DIRECTIONS FOR THIS TASK ▸
There is material below. Print exactly the lines starting at the line with "712小结与思考（2）_第2页" and ending at the line with "山添運輸株式会社の転職情報　No.71039", ends included, and no others.

○ ○ ○ ○

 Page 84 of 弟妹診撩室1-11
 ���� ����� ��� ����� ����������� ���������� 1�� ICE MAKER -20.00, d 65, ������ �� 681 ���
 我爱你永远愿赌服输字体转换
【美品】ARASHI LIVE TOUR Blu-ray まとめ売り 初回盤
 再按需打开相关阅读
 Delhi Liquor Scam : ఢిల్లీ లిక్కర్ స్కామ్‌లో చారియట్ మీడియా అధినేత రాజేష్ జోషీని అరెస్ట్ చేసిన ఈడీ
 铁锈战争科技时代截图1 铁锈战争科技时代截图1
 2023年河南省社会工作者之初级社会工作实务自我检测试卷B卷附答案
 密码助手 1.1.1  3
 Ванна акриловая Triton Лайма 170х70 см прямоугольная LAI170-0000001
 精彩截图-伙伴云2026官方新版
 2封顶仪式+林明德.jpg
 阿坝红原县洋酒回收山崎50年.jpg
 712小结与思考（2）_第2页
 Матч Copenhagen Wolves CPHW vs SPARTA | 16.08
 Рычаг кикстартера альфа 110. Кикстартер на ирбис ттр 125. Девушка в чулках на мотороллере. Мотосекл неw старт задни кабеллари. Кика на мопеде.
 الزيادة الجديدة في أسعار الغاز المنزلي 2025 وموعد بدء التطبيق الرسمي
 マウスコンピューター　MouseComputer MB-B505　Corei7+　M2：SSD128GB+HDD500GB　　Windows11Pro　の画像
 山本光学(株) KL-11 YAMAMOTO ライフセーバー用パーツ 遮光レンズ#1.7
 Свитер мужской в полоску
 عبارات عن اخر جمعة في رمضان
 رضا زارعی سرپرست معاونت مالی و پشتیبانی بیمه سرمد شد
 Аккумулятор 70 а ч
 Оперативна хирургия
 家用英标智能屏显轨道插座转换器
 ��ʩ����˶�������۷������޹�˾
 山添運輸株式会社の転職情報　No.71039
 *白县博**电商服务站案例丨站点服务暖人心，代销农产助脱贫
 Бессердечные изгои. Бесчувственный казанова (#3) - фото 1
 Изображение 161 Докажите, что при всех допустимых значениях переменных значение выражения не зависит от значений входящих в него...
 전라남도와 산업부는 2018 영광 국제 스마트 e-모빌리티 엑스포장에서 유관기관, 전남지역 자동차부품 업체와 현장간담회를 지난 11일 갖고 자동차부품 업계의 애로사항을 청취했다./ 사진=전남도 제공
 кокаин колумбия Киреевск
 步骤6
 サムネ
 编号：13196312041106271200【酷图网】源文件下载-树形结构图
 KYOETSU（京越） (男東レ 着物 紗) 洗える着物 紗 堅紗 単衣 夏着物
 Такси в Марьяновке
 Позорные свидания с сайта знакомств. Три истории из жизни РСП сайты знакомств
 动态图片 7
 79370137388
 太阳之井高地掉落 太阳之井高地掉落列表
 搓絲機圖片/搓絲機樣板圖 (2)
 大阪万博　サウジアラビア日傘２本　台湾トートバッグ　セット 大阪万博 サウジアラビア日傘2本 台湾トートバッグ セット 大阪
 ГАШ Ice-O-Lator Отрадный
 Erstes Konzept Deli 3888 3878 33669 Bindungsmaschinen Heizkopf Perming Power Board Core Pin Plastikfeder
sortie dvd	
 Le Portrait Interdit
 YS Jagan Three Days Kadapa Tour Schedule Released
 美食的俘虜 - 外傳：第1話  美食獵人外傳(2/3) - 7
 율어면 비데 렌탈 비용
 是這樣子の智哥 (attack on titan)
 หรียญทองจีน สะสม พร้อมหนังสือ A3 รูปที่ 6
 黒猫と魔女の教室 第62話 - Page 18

○ ○ ○ ○

ANSWER BELOW ▸
 712小结与思考（2）_第2页
 Матч Copenhagen Wolves CPHW vs SPARTA | 16.08
 Рычаг кикстартера альфа 110. Кикстартер на ирбис ттр 125. Девушка в чулках на мотороллере. Мотосекл неw старт задни кабеллари. Кика на мопеде.
 الزيادة الجديدة في أسعار الغاز المنزلي 2025 وموعد بدء التطبيق الرسمي
 マウスコンピューター　MouseComputer MB-B505　Corei7+　M2：SSD128GB+HDD500GB　　Windows11Pro　の画像
 山本光学(株) KL-11 YAMAMOTO ライフセーバー用パーツ 遮光レンズ#1.7
 Свитер мужской в полоску
 عبارات عن اخر جمعة في رمضان
 رضا زارعی سرپرست معاونت مالی و پشتیبانی بیمه سرمد شد
 Аккумулятор 70 а ч
 Оперативна хирургия
 家用英标智能屏显轨道插座转换器
 ��ʩ����˶�������۷������޹�˾
 山添運輸株式会社の転職情報　No.71039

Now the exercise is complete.